HiDream-O1-Image_clear_v1: Easy Local Image Editing with UiT Architecture

HiDream-O1-Image_clear_v1_anime_LAB_adjust_00054_.png (1600❌1600)
  • HiDream-O1-Image_clear delivers clear and vibrant outputs
  • Supports Image-to-Image and various image editing tasks
  • MXFP8 is a format exclusive to RTX 5000 series

Introduction

Hello, I'm Easygoing.

This time, I've released the HiDream-O1-Image_clear_v1 model, which makes image editing easy to do locally, so let me introduce it to you.
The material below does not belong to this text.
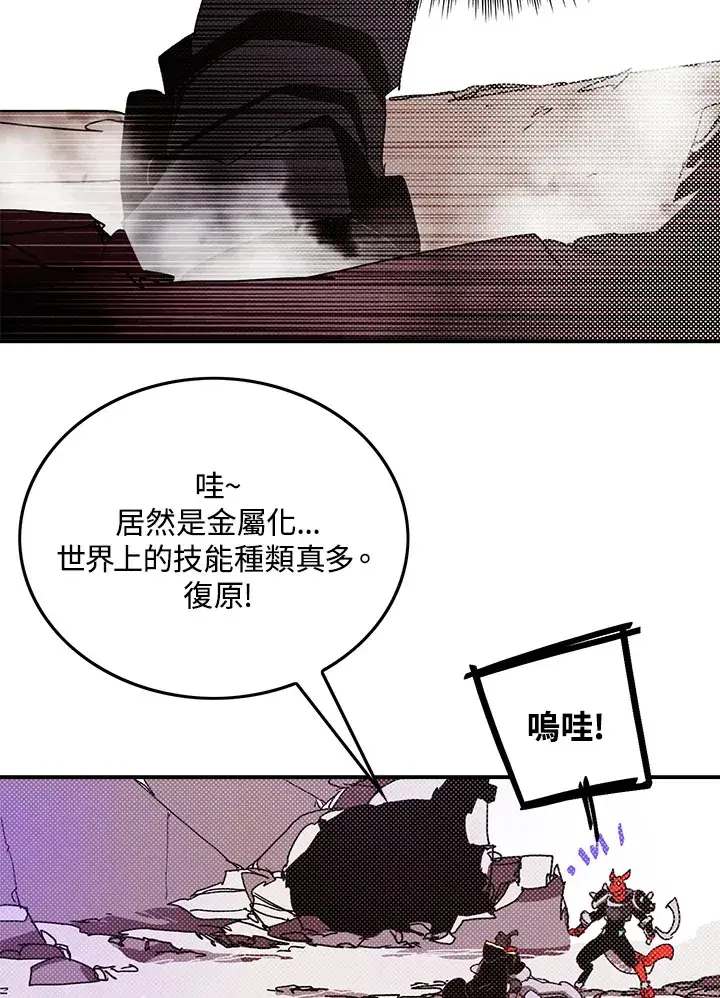 漫画《魔导王》第93话第18张图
Anime-style woman generated with HiDream-O1-Image_clear_v1. Long black hair with a mature atmosphere
HiDream-O1-Image_clear_v1

HiDream-O1-Image is a versatile image generation and editing model

HiDream-O1-Image is a versatile AI-powered image generation and editing model.

HiDream-O1-Image adopts the UiT architecture, which understands language and images in the same dimensional space. Thanks to this, even though it is a lightweight model, it possesses high image editing capabilities.

Since the HiDream-O1-Image model is a newly released base model, its outputs tend to be slightly blurry. This time, I fine-tuned it to produce clearer illustrations.

Real illustration examples!

Let’s compare some actual illustrations.

The left side shows the adjusted HiDream-O1-Image_clear_v1, and the right side shows the output from the original HiDream-O1-Image.

Neon Sign

HiDream-O1-Image_clear_v1: Anime illustration of a brown-haired woman smiling at a neon sign bar. HiDream-O1-Image (original): Anime illustration of a brown-haired woman smiling at a neon sign bar.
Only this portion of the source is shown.